Filipino clashes spread to jungles

Fighting between the Filipino military and Islamists in southern Philippines has spread to the jungles of Jojo island.

Filipino clashes spread to jungles

Fighting between the Filipino military and Islamists in southern Philippines has spread to the jungles of Jojo island, threatening local support for a government campaign to combat the Islamists.

Army commandos, 950km south of Manila, pursued members of the Moro National Liberation Front (MNLF) into the jungles after three days of fighting.

Lieutenant-Colonel Bartolome Bacarro said: "Our troops were now pursuing a separate group of MNLF rebels in another part of the island."

Seventeen Islamist fighters, three soldiers and one civilian have been killed since the MNLF fired mortars at government forces on Friday night.

The MNLF attack triggered retaliation by the military, which bombed the MNLF base.

Almost 8,500 families have fled the fighting and thousands have crammed into schools and gymnasiums in central Jolo, relying on food rations from disaster agencies.

Before MNLF movements and mass evacuations took place in Jolo, the island was becoming a more stable place after a long-running military campaign in which US advisers had backed the government to rid the island of Islamist fighters.

Parouk Hussin, MNLF foreign relations chairman, said: "I hope the two sides will come to their senses and stop this madness.

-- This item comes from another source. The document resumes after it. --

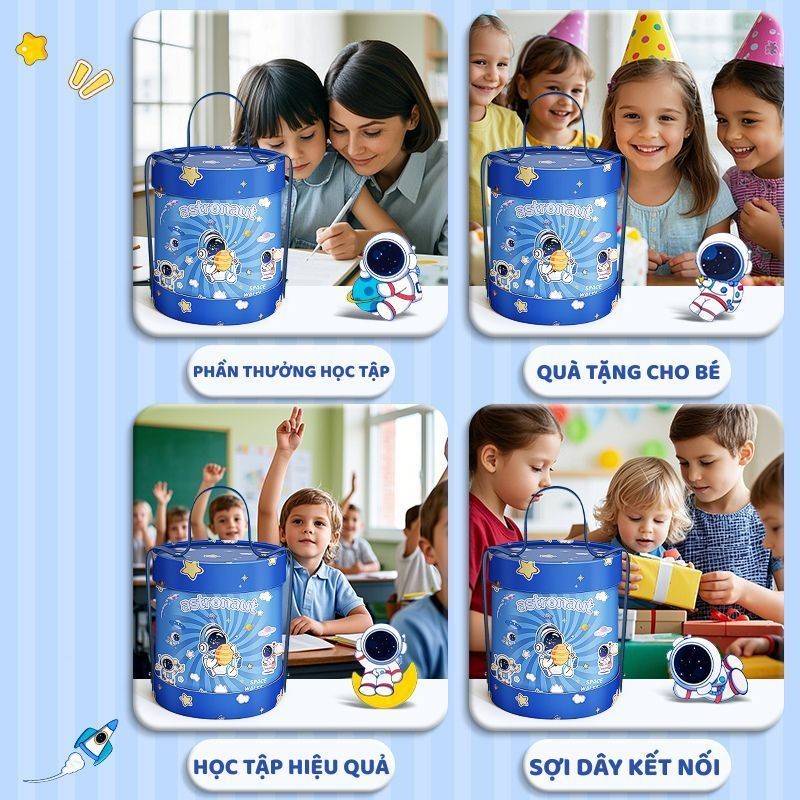 Bộ Dụng Cụ Học Tập Hoạt Hình - Set Quà Tặng Học Sinh Đa Năng, Kèm Hộp Bút, Sổ Tay, Bút, Cho Bé Đi Học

"This would definitely jeopardise all our efforts to restore peace on Jolo and put to waste the gains of the peace process."

Complications

The military's use of heavy bombs against the MNLF, which is seen as having more legitimacy than the Abu Sayyaf group, another separatist Islamist group based in the southern islands of the Philippines, may undermine local support.

Tom Green, executive director of Pacific Strategies & Assessments, said: "It's going to complicate things because the MNLF probably have more local contacts, more traction with the locals than Abu Sayyaf, who tend to be more thuggish.

"Going against the MNLF means that a broader spectrum of people is affected because of blood ties, fathers, sons, uncles, brothers. That is going to complicate things."

The Philippines has been trying to quell Muslim separatism for decades and signed a peace deal with the MNLF in 1996, which was seen as the solution to a conflict that has killed over 120,000 people in the southern islands.

However, the deal failed. The Organisation of the Islamic Conference (OIC), which brokered the deal, is trying to salvage the agreement.

The OIC has called a meeting with government officials and the MNLF in Saudi Arabia, scheduled for July.

Both sides have ignored OIC calls to end the clashes.